You simply can not think too much of yourself when you teach 5 year olds. You can not take yourself too seriously when you are dancing around the classroom, flapping your arms. You can not worry about your professional image when you are reading a book that requires silly sound effects. Your students will see right through any conceit and call you on it.
That's why I have my students call me Mr. Winicur or Mr. Zev or sometimes just Zev if they can't remember the "Mr." part, but definitely not "Dr. Winicur." Protocols for honorifics are not worth their time and not worth my time. I figure that I can teach them respect for adults without confusing them about what to call whom when. Life is tough enough.
Part of my challenge is to come up with new and exciting ways to engage the students, particularly since I have such a mix of kids. Some of my kids are learning about Judaism for the VERY first time and some of them have been going to Jewish day school every day for the past three years. Some already know how to read, and some are just learning their A-B-Cs. It's a challenge.
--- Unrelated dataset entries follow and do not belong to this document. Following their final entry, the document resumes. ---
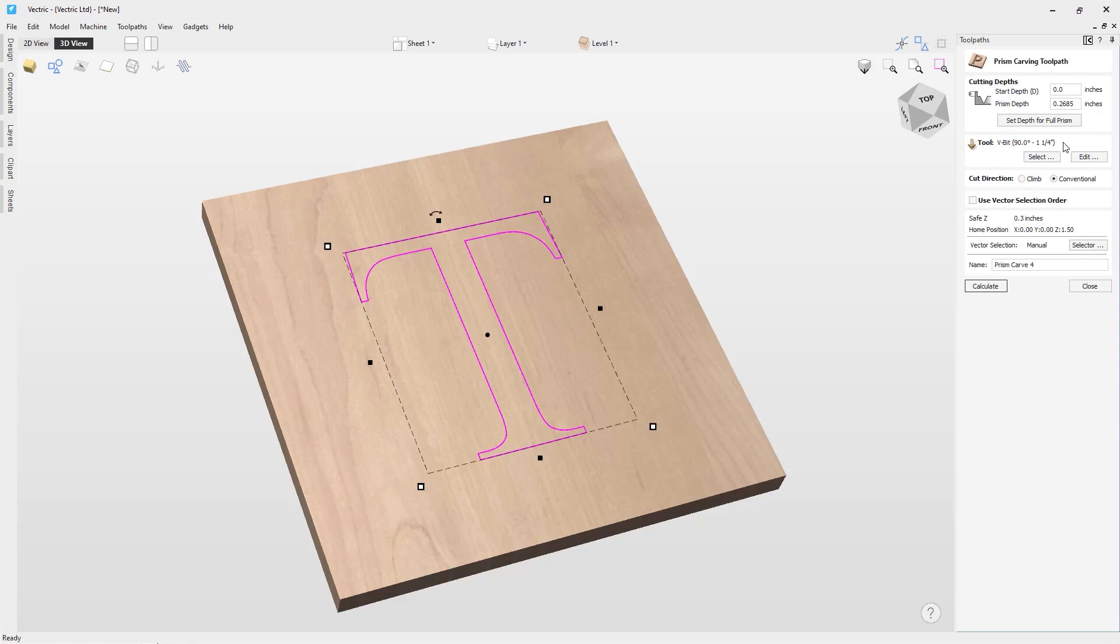We're going to be using a 9 degree V bit. You can choose your cut direction, either climb or conventional.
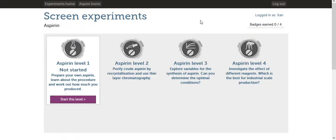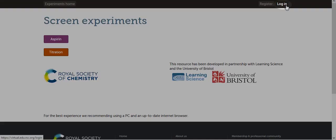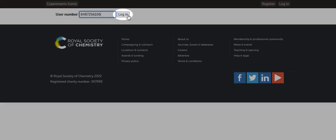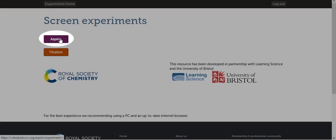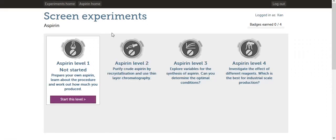Before we begin, let me show you how to log back in. Let me first log out. To log back in, click the login button on the top right corner of the page. Then enter your user number and click log in. Then click the Aspirin purple button. Now we're back at the screen experiment page.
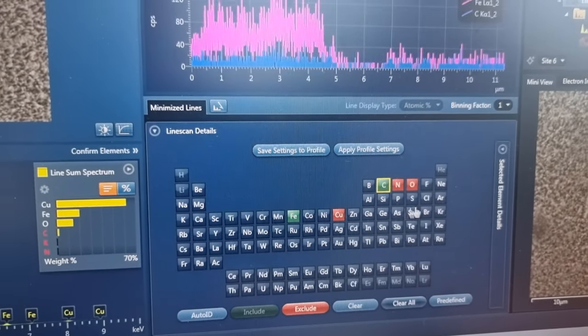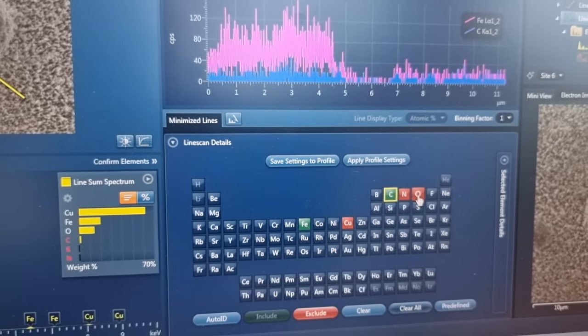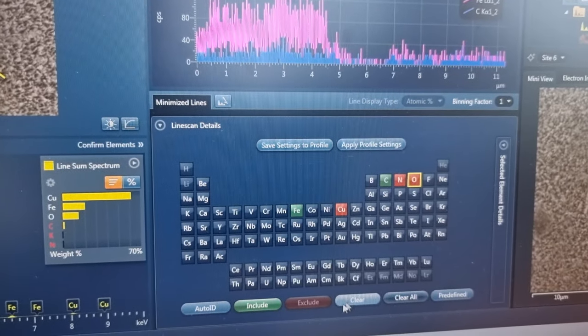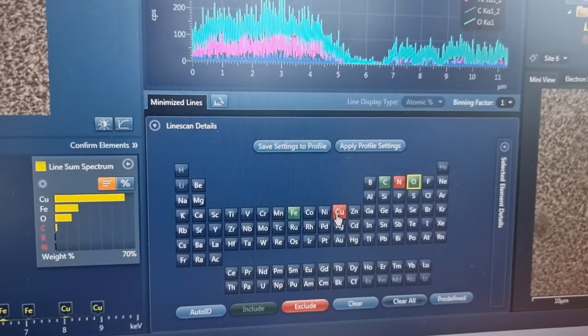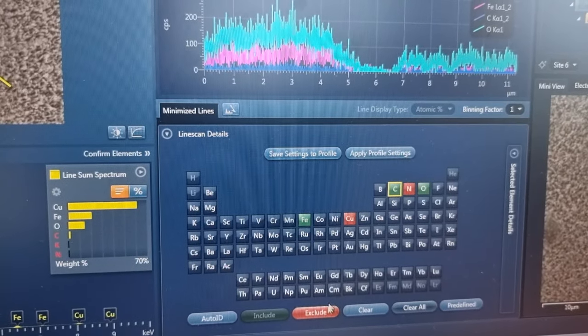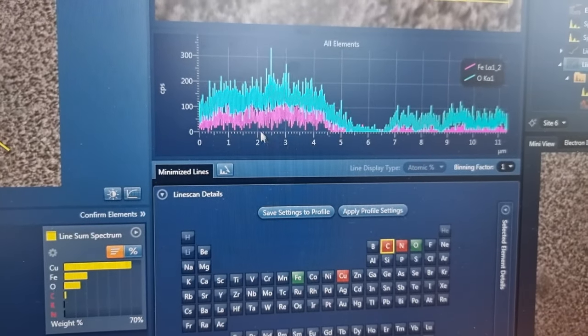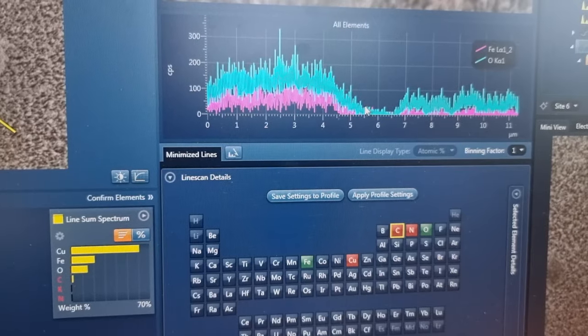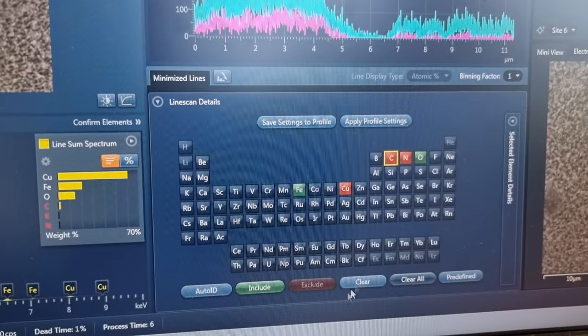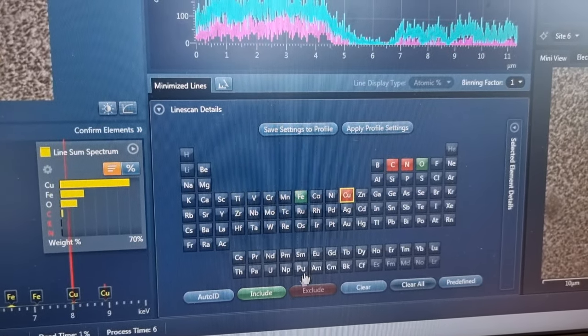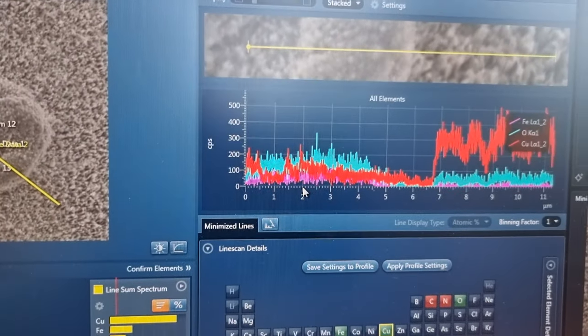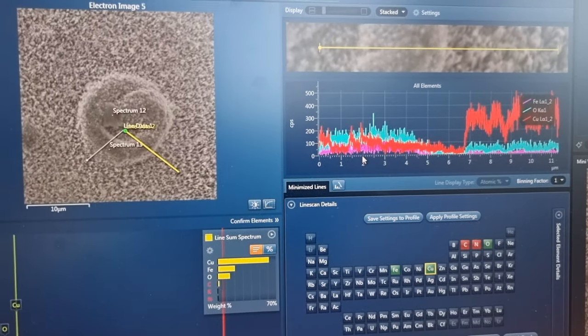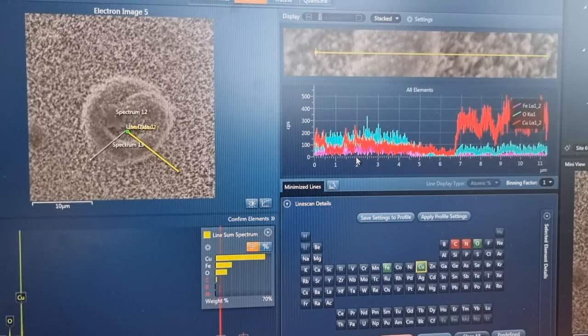There's a correlation between the iron and the oxygen. So the correlation there with the blue of the oxygen, and there's an anti-correlation with the copper. Very interesting, of a strike mark line.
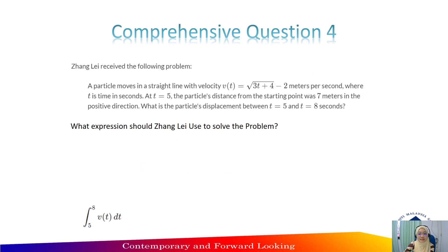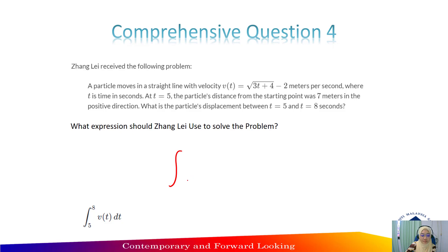Next, comprehensive question 4. Zhang Lei received the following problem: a particle moved in a straight line with velocity V(t) equal to square root of 3t plus 4 minus 2 meters per second, where t is time in seconds. At t equal to 5, the particle's distance from the starting point was 7 meters in the positive direction. What is the particle's displacement between t equal to 5 and t equal to 8 seconds? The answer is the integral of V(t) dt from 5 to 8.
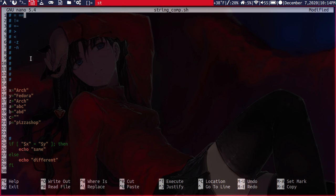So our first one here is the equals operator. This tells us whether or not one string is equal to the other. And in Bash you have two options, the equals and the double equals.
So, whenever I come up with a new and exciting activity, I feel compelled to share it and, of course, brag about it. Just because I can't show off to them doesn't mean that I can't show off to YOU.
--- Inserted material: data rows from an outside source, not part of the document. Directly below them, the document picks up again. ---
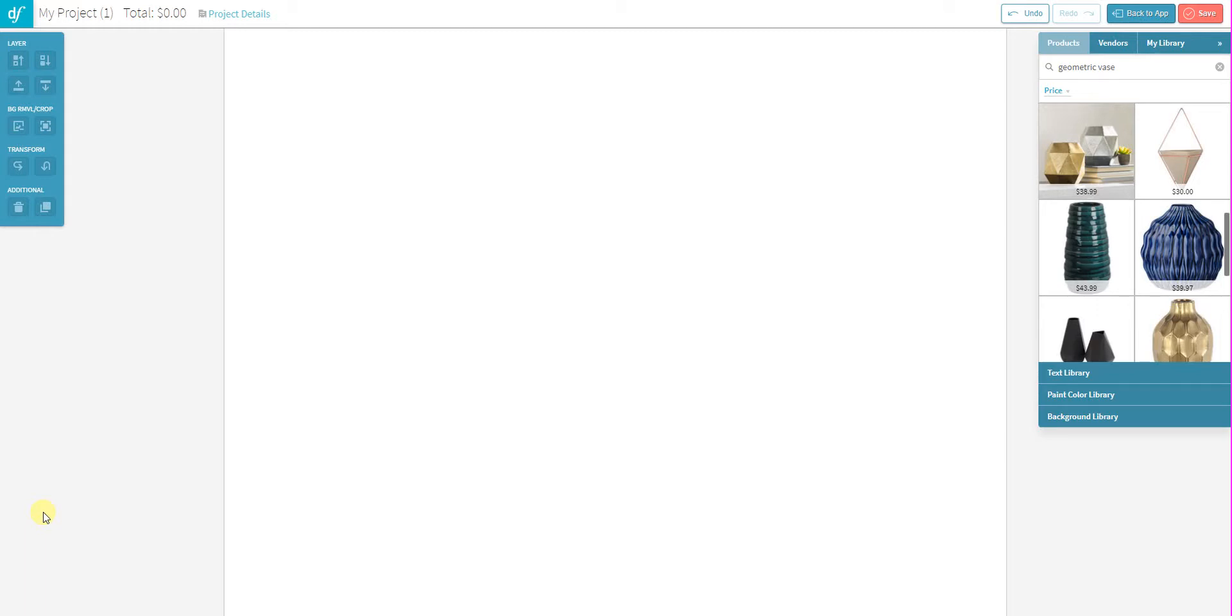We have completely redone our background removal tool and this new feature is going to allow you to trace around the edges of an item and completely remove it from the background image. Now this has been a feature that has been requested by a number of designers and we're really excited to get it out and available to you.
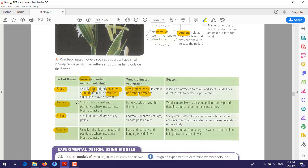For the anther: in insect-pollinated flowers, the anther should be stiff, firmly attached, and positioned where insects must brush against them — this ensures a higher chance of pollen being picked up. In wind-pollinated plants like grass, the anther should not be firmly attached; its position should be in the middle so it can shake, helping pollen to move from anther to stigma.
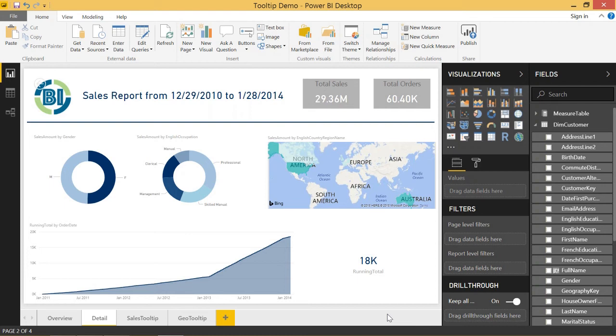Welcome back to another Power BI 3-Minute Tip. If you like the video, make sure you hit the subscribe button and the bell. In today's video, I'm going to give you a look into measure drill through.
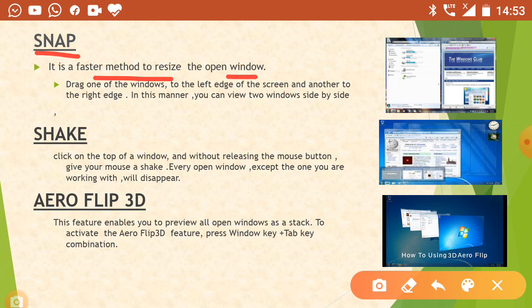Then firstly we will drag one window to the left side and the second window to the right side. In this manner you can see that both windows will display side by side. If you want to increase the size of both windows, then we use the snap option.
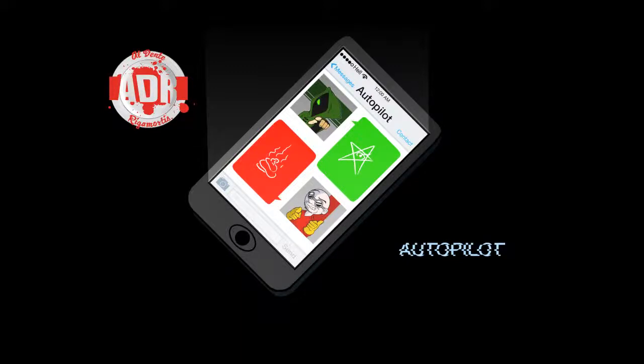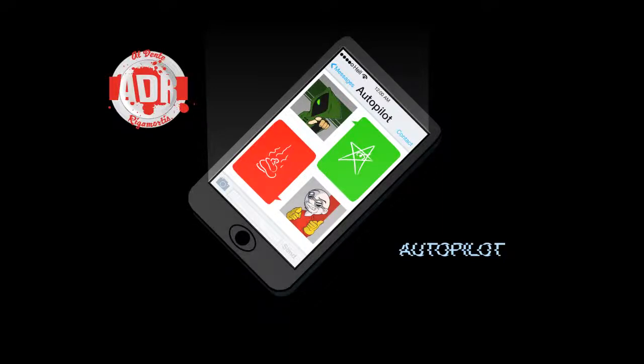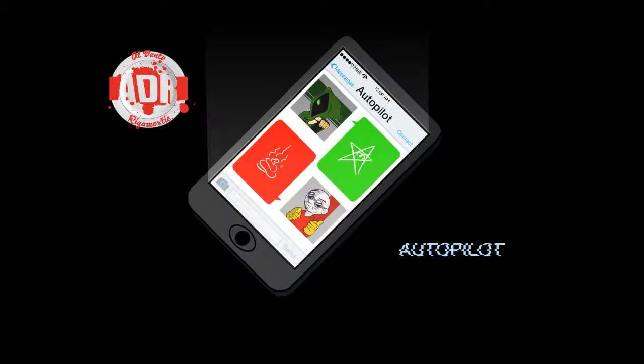Oh, hello, and welcome to Al Dente Rigamontis. I'm Review Cultist. And I'm Dr. Leviathan.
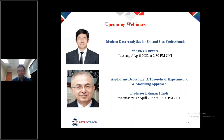This event is part of PetroTeach's webinar series this year. On April 5th, Johannes Nowara, an expert in data science, will talk about modern data analytics for oil and gas professionals. Then on April 12th, we will discuss asphaltene deposition — a theoretical, experimental, and modeling approach. We hope to see you at those webinars as well.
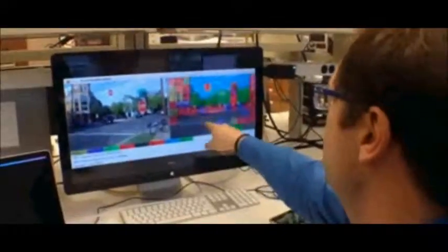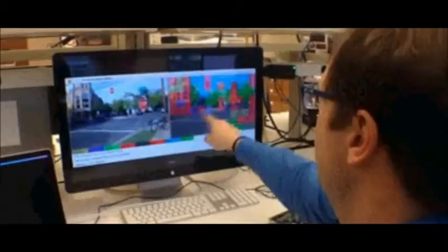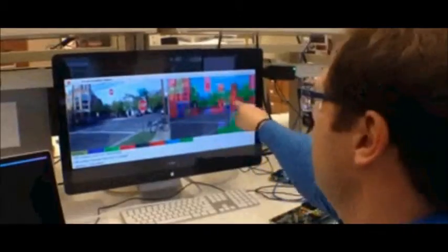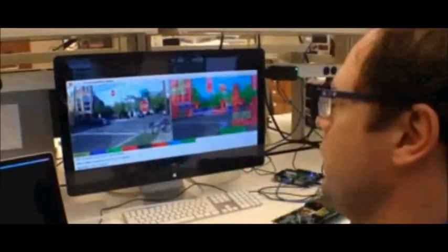Basically cars, pedestrians... so here it knows that this is a road, it knows that the blue is the car and that the green is the trees, for example.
I call my activity the Noah's Ark Class Poster. Feel free to use it, but please reference me by name whenever you do. My name is Dr. Zev Winicur.
NOAH'S ARK CLASS POSTER
Noah's Ark is one of the best stories for kindergarteners because it bypassess all the boring theology, dogma, and philosophy, and cuts right to the fun stuff: animals and boats. Kindergarteners understand animals and boats.
1 piece of poster board
1 permanent marker
coloring pictures of animals (two of each animal)
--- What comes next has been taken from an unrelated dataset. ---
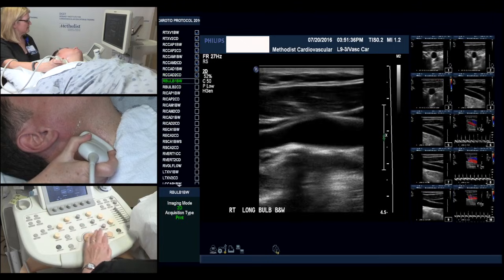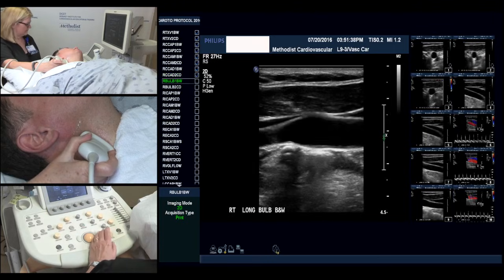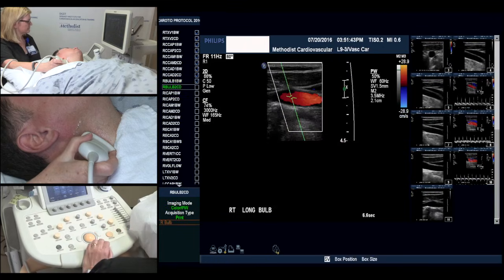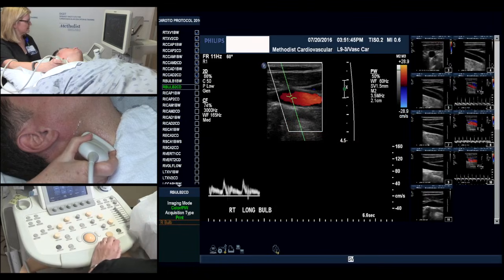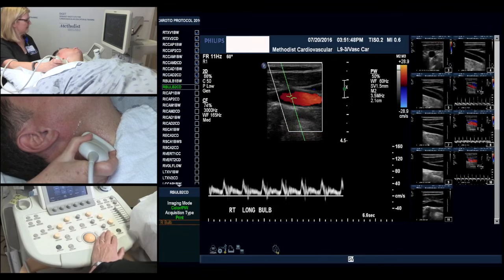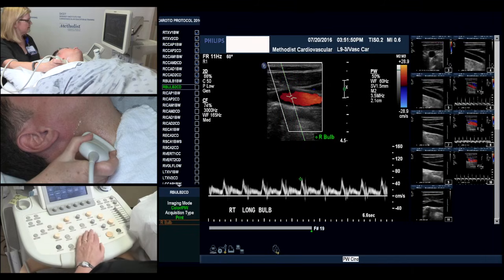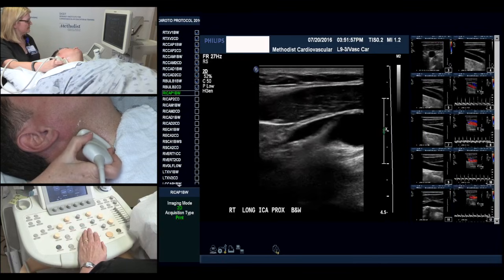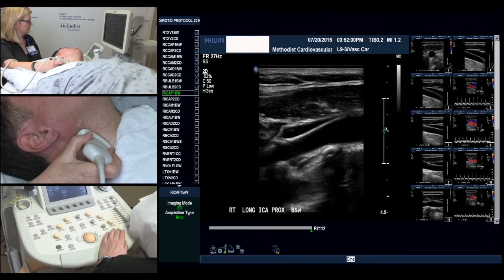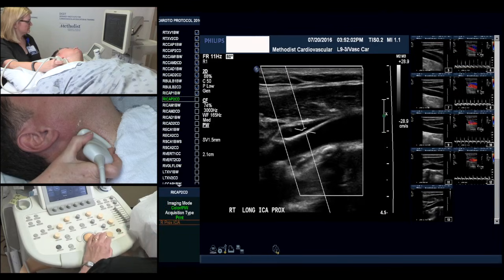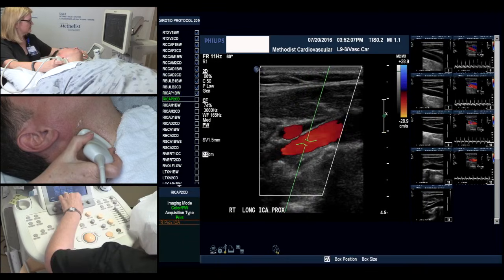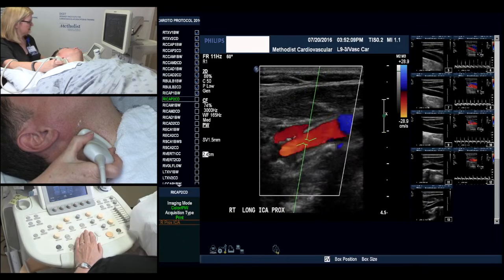We'll now look at the bulb. We obtain Doppler signals if there's pathology here. In this case we do not have any, but we'll go ahead and demonstrate. And then we move into our internal carotid artery, and again, sampling our Doppler, maintaining a 60 degree angle.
coloring supplies (crayons, markers, pencils, etc.)
- Draw an ark on the poster board. It should take up most of the posterboard. It doesn't need to look pristine, but it helps if it is vaguely boat shaped. See the picture above.
- Find pictures of animals that can be colored in, and make two copies of each animal. Make sure that you have enough DIFFERENT animals so that there is one animal per student. I found (stole) many of my animals from various sites throughout the Web. I don't guarantee that I was not using copyrighted pictures, but I figured the chance of litigation by kindergartener was relatively low.
- Put one stack of the animal pictures on the tables in front of the students.
- Fold the rest of the animal pictures (the counterparts), and "hide" them around the room. You can decide how well to hide them based on whether you want this to be a remedial exercise, an afikomen hunt, or Indiana Jones's search for the Ark of the Covenant.
- Have each student select a picture from the pile on the table. This is their starting animal.
- Tell the kids that they must help Noah round up all the animals to put in the ark. To do this, they must find the other animal somewhere in the room.
- Tell the kids (AND THIS IS IMPORTANT) that the task is not complete until EVERYONE finds their animal. Therefore, if they come across an animal not their own, they should help their friends by saying, "Does anyone need a giraffe," etc.
- Once the kids all have found two of each animal, let them color their animal and cut it out.
- As each student finishes with their colored animals, have them glue the animals to the ark.
- Proudly display the class poster for at least three weeks until the students get bored with it.
No wonder the parents love me.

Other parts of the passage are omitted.